Bad days suck. So do weeds. And what about poorly designed, cramped kitchens? If any of this sounds familiar don’t worry, your favorite Madison area credit union has you covered with a great solution – a home equity line of credit! Your biggest asset – your home – can provide you with the funds needed for: “chillin’ on Lake Monona” new boat, a “make your neighbors jealous” landscaping overhaul; or even a “cooking in style” kitchen remodel.

What exactly is a home equity line of credit or second mortgage?

Generally speaking the term “second mortgage” describes any loan secured by the equity in your home in addition to the primary mortgage you originally secured to purchase it. The most common examples include a home equity loan or a home equity line of credit.

A second mortgage is similar to the first mortgage a homebuyer would take out to purchase a home, except this is “second in line” should the borrower default and the lender needs to be repaid. With that in mind, this represents a somewhat higher risk to a lender. As a result, a borrower may pay higher points and fees and have a higher interest rate compared to the original mortgage. With a second mortgage you’ll pay additional closing costs so you’ll want to consult a tax advisor to discuss possible tax implications.

A second mortgage should not be confused with refinancing which is when you opt to replace your current mortgage with a new one. A refinanced mortgage will have different terms such as a lower rate or shorter payoff. While the new, refinanced mortgage may be the second one you’ve had since buying the home (or the third, fourth refinanced mortgage, etc.), this isn’t the same thing as a “second mortgage.”

What’s the difference between the two types of home equity loans?

Although both types of loans are secured by your home’s equity, the line of credit works much like a credit card – you have a credit limit and you may use as little or as much as you want, up to the full amount. Once you pay some of the balance down that amount becomes available for you to use again when you need it. A home equity loan on the other hand is a lump sum that you receive up front. You pay down on the entire amount until it’s paid off, more like a car loan. Both types of loans may have positive tax benefits that you should discuss with your tax advisor.

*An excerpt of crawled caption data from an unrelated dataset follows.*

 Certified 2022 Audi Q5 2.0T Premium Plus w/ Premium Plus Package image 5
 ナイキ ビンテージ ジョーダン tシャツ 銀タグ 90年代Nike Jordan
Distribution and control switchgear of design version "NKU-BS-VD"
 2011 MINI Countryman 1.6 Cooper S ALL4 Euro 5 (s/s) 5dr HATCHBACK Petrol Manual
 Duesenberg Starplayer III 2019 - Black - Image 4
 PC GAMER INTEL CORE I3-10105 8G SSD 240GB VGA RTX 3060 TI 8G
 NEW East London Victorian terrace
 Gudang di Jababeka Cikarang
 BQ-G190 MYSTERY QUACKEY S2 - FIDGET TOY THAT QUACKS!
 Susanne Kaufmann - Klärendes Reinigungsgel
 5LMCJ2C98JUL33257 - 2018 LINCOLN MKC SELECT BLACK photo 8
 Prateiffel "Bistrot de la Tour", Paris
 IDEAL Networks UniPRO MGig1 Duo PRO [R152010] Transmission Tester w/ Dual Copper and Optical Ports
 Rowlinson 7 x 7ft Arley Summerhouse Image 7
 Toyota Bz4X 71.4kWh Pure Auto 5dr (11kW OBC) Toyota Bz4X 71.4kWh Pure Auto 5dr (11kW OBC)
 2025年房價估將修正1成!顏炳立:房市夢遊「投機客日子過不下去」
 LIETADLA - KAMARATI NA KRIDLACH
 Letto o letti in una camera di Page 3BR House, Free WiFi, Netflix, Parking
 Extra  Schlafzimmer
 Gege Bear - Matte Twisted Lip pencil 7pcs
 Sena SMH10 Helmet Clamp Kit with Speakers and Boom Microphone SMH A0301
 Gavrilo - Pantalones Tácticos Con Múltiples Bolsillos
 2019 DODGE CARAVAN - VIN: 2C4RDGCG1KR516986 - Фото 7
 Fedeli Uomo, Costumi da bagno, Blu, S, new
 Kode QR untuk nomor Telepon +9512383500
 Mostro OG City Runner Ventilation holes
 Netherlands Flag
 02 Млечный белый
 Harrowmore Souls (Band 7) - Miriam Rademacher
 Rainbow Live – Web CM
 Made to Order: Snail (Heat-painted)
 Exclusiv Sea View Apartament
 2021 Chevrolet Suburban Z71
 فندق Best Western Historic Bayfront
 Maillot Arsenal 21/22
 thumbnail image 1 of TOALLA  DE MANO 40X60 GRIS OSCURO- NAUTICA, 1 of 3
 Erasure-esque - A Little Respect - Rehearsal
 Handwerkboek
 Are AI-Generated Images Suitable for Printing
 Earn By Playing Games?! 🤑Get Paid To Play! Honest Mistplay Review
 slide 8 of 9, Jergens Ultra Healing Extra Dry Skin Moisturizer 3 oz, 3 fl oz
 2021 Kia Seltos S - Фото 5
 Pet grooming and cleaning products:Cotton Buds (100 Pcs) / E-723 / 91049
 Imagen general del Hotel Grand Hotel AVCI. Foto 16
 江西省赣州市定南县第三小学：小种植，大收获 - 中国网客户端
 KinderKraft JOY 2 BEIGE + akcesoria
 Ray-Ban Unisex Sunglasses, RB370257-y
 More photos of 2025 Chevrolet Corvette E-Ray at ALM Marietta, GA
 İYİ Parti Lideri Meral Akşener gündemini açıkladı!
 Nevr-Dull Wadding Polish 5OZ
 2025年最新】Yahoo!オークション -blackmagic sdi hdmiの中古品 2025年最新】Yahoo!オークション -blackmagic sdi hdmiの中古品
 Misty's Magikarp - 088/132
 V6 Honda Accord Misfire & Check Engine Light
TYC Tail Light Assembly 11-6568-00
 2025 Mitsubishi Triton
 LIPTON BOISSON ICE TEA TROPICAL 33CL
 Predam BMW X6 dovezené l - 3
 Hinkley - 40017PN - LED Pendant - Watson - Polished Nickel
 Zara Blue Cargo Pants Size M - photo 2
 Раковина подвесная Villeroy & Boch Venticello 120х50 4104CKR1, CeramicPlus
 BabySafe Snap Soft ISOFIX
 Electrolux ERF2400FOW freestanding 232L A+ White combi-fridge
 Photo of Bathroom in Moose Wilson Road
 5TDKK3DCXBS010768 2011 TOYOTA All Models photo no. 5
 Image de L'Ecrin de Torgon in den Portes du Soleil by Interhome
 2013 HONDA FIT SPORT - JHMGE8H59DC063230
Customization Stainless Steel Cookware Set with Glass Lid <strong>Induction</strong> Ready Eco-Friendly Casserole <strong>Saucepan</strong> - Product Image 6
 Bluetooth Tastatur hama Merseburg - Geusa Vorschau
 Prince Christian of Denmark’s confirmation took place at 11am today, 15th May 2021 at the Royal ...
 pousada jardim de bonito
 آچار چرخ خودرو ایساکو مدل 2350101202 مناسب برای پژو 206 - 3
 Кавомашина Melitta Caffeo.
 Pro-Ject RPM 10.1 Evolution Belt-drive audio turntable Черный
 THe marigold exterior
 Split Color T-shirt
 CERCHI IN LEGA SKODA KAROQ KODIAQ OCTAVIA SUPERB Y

What else are second mortgages used for?

A “second mortgage” is sometimes referring to a smaller mortgage taken out at the time a home is purchased or refinanced, in addition to the primary mortgage. When used in that way, it generally refers to a piggyback loan used to cover part of the purchase or refinance cost.

One reason for doing this might be to cover part or all of a down payment in order to avoid paying for private mortgage insurance. Another reason for a piggyback loan would be to cover the part of a jumbo mortgage purchase that exceeds the loan limit for conforming loans, so that the rest can be covered by a conforming loan at a lower rate.

Because second mortgages are secured by the equity you already own in your home, this is an option to consider only if you are sure you can pay it back. If you fail to make payments, it does place your home at risk so you may want to consider other options especially if your goal is to consolidate debt.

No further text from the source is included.